Pour les courageux qui voudraient se lancer dans la première démarche, je vous signalerai simplement qu’il faut un apport minimal de 99 092 €, et qu’il est nécessaire d’employer «une personne aux compétences certifiées » (entendez bénéficiant de 3 ans d’expérience dans le secteur). S’ajoutent bien d’autres conditions, et une liste impressionnante de justificatifs à fournir. Vous vous sentez une âme de tour-opérateur ? Allez donc faire un tour sur le site de la préfecture de l’Ile-de-France, qui a mis en ligne un formulaire et des explications.

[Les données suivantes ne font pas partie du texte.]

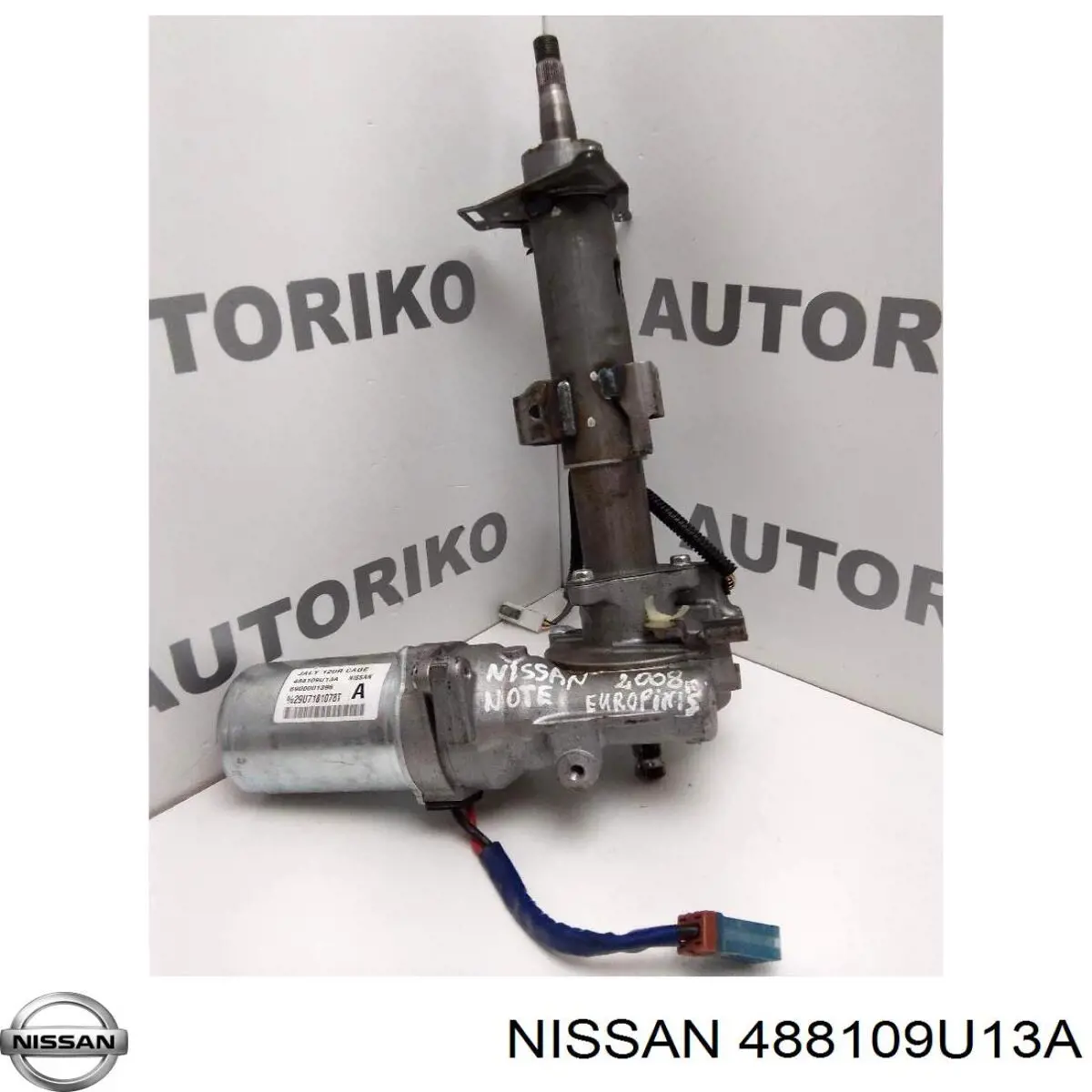 488109U13A Nissan coluna da direção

Si vous optez pour la deuxième solution, vous gagnez du temps, prenez moins de risques (le voyagiste est responsable de tout, quoi qu’il arrive), mais vous vous exposez à quelques coûts supplémentaires. En effet, vous n’avez plus qu’à trouver une agence, idéalement spécialisée dans le tourisme d’affaires. Son rôle consistera alors à se porter acquéreur des services de transport (billets, location de bus) et à être responsable de la sécurité et du confort des voyageurs. Mais comme personne ne travaille pour la gloire, une agence prendra (en moyenne, en fonction de la prestation, si elle doit faire les recherches ou si vous lui apportez toutes les informations) entre 5 et 20% du budget final.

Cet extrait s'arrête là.